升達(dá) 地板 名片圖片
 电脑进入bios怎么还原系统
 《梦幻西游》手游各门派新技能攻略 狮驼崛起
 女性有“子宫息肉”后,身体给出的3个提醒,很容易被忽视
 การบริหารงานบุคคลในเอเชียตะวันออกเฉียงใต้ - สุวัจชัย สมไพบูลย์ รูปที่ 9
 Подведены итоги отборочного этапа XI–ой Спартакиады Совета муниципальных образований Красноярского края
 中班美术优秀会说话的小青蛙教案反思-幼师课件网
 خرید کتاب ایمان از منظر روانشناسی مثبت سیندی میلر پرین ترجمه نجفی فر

——

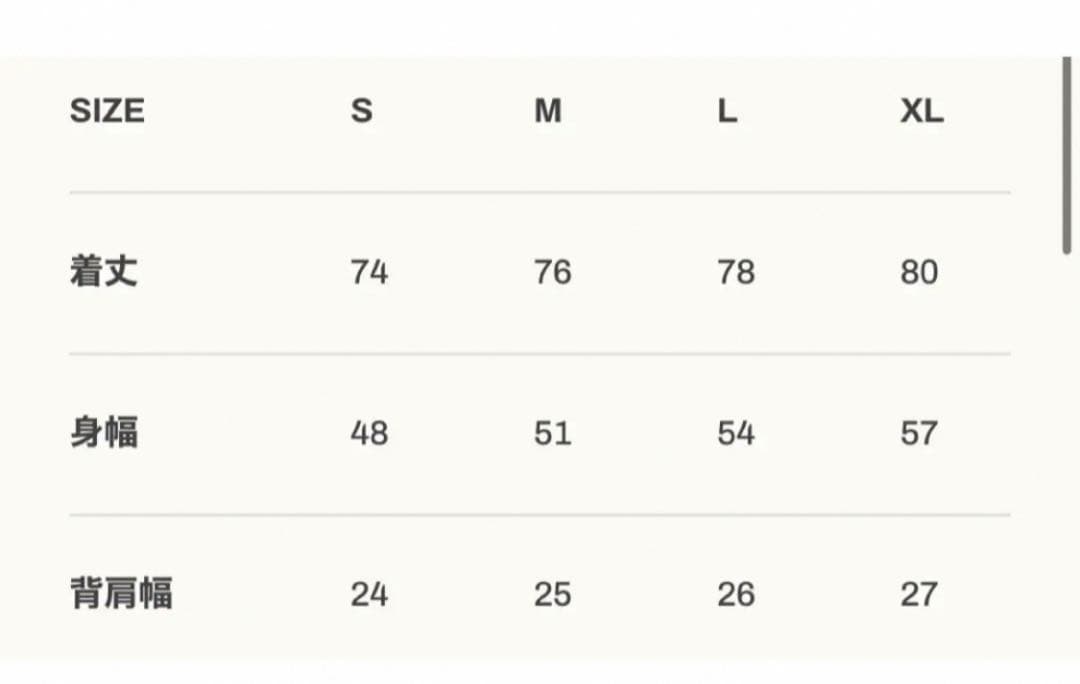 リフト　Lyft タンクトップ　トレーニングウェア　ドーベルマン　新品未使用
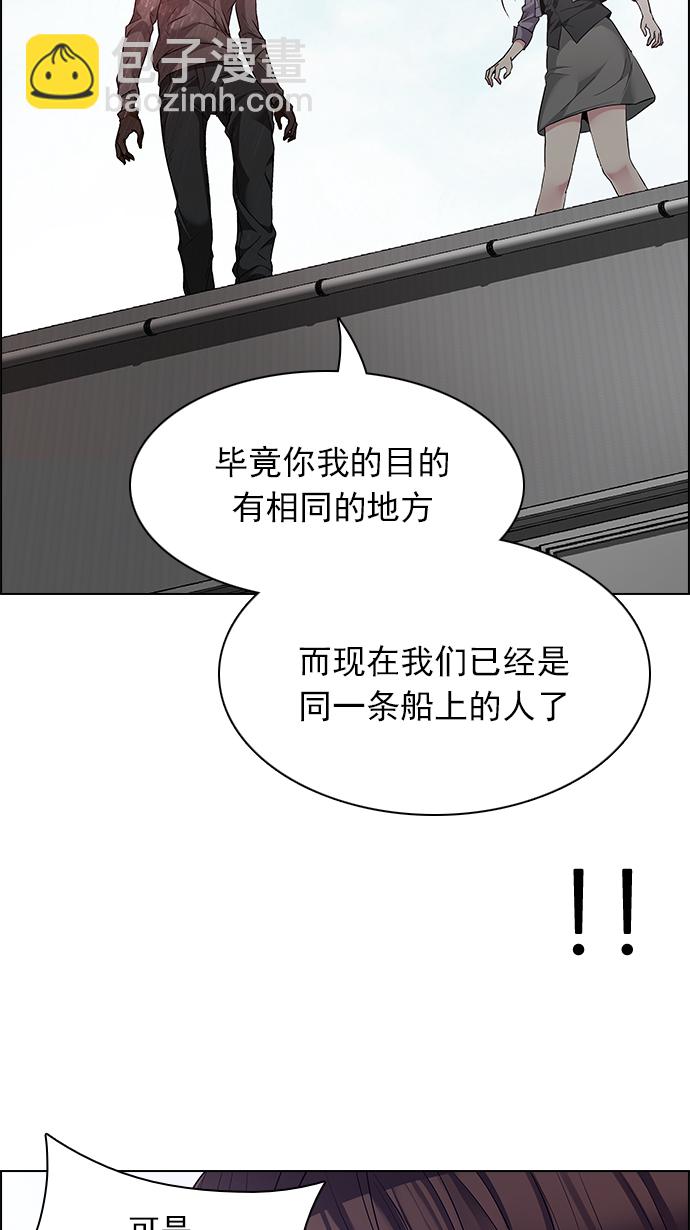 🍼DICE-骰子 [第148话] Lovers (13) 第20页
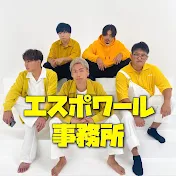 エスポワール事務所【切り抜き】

——

● EXERCISE DETAILS
From the records above, print exactly the lines that run from the line with "การบริหารงานบุคคลในเอเชียตะวันออกเฉียงใต้ - สุวัจชัย" to the line with "خرید کتاب ایمان", inclusive.

● SOLUTION
 การบริหารงานบุคคลในเอเชียตะวันออกเฉียงใต้ - สุวัจชัย สมไพบูลย์ รูปที่ 9
 Подведены итоги отборочного этапа XI–ой Спартакиады Совета муниципальных образований Красноярского края
 中班美术优秀会说话的小青蛙教案反思-幼师课件网
 خرید کتاب ایمان از منظر روانشناسی مثبت سیندی میلر پرین ترجمه نجفی فر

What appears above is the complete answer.